Страница 8 из 9
Я очень жалею, что в моем распоряжении только перо и бумага. Мне хочется говорить с тобой и сказать все это, с бесконечными дополнениями, с развитием всех мыслей, устно. Но не знаю, когда удастся мне быть в Петербурге и у тебя. «Обстоятельства», и прежде всего работы держат меня прикованным здесь. Не смею тебя просить о письмах, но тайно хочу надеяться на них. Обнимаю тебя любовно.
Здесь был Сологуб. Сейчас – Сомов.
Андрей Белый – Валерию Брюсову
17 апреля 1903 года, Москва
«Вы для меня ‹…› – Многоуважаемый и дорогой Валерий Яковлевич!

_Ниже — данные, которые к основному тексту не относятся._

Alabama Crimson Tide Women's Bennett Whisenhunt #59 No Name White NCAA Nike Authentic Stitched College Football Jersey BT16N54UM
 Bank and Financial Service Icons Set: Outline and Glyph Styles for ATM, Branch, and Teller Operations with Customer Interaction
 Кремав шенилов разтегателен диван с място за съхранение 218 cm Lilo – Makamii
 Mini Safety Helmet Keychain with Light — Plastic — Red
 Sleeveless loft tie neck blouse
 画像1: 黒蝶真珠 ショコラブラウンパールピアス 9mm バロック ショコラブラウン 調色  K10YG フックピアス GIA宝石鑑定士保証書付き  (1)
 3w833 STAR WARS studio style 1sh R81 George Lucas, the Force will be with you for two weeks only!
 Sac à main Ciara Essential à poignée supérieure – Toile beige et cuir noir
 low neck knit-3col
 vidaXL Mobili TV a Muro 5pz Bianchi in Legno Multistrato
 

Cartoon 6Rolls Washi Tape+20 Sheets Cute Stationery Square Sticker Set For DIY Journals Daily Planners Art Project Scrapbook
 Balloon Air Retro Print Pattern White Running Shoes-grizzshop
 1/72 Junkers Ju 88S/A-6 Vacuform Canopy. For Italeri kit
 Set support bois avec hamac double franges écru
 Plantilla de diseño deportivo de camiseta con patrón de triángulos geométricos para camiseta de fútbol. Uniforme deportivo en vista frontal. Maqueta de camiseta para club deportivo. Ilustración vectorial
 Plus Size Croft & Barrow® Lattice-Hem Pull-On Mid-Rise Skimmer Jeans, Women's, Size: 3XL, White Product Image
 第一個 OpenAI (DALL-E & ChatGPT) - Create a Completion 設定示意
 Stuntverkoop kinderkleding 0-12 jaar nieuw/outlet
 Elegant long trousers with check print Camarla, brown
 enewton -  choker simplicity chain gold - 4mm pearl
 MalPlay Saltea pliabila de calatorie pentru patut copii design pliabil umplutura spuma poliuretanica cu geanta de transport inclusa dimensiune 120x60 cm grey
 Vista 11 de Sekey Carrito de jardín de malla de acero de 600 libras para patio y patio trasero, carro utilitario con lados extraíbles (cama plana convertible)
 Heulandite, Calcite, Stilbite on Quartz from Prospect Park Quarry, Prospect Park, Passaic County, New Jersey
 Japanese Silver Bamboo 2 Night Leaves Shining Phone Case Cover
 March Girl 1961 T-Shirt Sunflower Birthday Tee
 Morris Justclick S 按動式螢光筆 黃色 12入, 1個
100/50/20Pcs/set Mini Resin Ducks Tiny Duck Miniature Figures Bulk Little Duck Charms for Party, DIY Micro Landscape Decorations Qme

Рад чрезвычайно получить от вас письмо. Поздравляю вас и Анну Матвеевну с праздником: Христос Воскрес! Завидую вам: теперь в Москве как-то особенно уныло. К яростно напряженной и лихорадочной суетне присоединяется еще и невыносимо гнетущая астральная атмосфера. Газеты сулят вихрь снегов, летящий на Москву. Быть может, холод освободит Москву от тучи уныния: пришла – уйдет. Лично для меня все отягощается еще одним странным обстоятельством: у меня такое чувство, как будто моя личность как бы оторвалась от индивидуальности: она вернулась, совсем вернулась сюда, а индивидуальность ушла туда сквозь конец – окончательно. Мне кажется, что «я» еще недавно смотрел отсюда туда – бесконечно говорил о «тамошнем» в качестве созерцающего. Теперь произошло обратное. Оттуда смотрю я сюда и еще умею говорить, как и «они», а они ничего не понимают – думают, что я все тот же. Мне хочется говорить с ними о внешнем и молчать о том, что приблизилось; как это трудно: отовсюду обращаются с умными разговорами, когда «оно» – безумная реальность. Они думают – я с ними, но из духа протеста хочется крикнуть: «Ничего не понимаю» – огорошить трезвостью тех, кто слишком трезв, чтобы без рассуждений «о» отдаться глубине – уплыть от их рассуждений. Когда к Стеньке Разину пришли, чтобы исполнить приговор, он нарисовал лодочку на стене и смеясь сказал, что уплывет в ней из тюрьмы. Глупцы ничего не понимали, а он знал, что делал. Можно всегда быть аргонавтом: можно на заре обрезать солнечные лучи и сшить из них броненосец – броненосец из солнечных струй. Это и будет корабль Арго; он понесется к золотому щиту Вечности – к солнцу – золотому руну…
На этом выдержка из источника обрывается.